On June 18 Tony Blair stated: "When we finally won the conflict in Iraq, some of the people who were still offering resistance were extremists from Chechnya." Since there is no known public evidence for this assertion, I challenge him either to produce good evidence or to make a full retraction and apologise to the Chechen people. It would also be a good if belated occasion on which to thank the elected President Aslan Maskhadov of Chechnya for his full-hearted support of the US-UK decision to invade Iraq.

On June 26 Mr Blair had a golden opportunity to criticise Russian President Vladimir Putin, in his presence, for the massively documented atrocities by Russian troops in Chechnya against civilians and combatants since 1994. He remained silent (Leaders, June 27).

The Chechnya war represents one of the longest-running crimes against humanity in today's world, with deep roots going back through 170 years of Russian invasions, massacres and wholesale deportations.

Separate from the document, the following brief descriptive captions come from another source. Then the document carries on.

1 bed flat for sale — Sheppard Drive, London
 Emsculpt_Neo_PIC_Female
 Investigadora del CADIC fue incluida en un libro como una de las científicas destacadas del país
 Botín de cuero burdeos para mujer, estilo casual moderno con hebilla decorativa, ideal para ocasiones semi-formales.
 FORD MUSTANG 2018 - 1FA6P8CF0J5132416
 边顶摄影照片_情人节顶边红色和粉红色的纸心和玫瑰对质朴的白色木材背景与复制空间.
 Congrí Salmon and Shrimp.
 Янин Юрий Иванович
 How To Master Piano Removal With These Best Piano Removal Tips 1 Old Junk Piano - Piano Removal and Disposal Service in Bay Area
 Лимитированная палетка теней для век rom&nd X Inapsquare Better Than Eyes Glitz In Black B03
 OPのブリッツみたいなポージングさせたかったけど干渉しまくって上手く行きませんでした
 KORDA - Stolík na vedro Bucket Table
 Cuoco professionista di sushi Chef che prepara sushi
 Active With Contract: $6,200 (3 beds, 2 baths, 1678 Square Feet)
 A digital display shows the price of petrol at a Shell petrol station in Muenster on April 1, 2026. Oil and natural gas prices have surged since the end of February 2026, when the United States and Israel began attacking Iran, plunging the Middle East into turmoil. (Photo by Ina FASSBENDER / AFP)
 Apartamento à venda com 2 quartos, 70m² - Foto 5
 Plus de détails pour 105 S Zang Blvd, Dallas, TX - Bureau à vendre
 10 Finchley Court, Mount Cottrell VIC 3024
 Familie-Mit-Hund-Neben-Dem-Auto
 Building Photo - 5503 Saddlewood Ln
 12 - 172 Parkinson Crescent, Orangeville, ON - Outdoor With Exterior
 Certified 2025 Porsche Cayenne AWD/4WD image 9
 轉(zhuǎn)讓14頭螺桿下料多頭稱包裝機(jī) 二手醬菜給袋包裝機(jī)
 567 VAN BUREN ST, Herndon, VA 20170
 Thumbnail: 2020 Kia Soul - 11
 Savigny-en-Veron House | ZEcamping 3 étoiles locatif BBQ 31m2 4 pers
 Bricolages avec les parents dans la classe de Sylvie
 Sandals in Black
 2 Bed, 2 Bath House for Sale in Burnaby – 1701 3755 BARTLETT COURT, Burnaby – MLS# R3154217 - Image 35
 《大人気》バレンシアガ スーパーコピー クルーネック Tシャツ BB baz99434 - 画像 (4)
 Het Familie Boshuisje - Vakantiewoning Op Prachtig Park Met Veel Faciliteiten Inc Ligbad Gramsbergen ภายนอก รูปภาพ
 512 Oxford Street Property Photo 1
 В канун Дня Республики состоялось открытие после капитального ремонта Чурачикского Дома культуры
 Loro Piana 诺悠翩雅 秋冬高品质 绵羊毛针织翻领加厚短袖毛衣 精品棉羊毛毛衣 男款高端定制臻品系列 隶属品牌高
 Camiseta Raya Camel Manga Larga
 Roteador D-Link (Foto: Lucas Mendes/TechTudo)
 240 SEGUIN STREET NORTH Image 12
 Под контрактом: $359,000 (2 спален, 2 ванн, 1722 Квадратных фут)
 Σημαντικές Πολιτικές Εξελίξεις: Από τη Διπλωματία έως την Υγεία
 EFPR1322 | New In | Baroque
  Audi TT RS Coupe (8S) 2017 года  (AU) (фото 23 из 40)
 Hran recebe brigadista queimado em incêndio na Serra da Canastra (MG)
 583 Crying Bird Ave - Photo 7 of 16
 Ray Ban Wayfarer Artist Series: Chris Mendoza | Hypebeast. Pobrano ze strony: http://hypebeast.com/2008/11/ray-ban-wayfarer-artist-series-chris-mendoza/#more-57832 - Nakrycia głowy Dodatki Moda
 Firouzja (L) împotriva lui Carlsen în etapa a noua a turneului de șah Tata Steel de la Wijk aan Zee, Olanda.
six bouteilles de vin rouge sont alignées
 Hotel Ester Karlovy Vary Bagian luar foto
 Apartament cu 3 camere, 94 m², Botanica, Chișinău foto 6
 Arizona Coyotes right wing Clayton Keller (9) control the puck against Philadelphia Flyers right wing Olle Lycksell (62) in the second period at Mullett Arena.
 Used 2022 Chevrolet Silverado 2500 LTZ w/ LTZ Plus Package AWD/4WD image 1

To Chechens and Russian liberals, it is a classic anti-colonialist struggle for national independence. And as long as it drags on, democracy has little hope in Russia. Already, under Putin's censorship, the war can no longer be seriously criticised on any national TV station.

It's true that a few domestic and foreign terrorists are active in Chechnya. But let Mr Blair search his conscience: if he were a Chechen and had lived through the last nine years, would he have been able to keep these people away from such a desperate national tragedy? And whom would he have seen as the tragedy's source?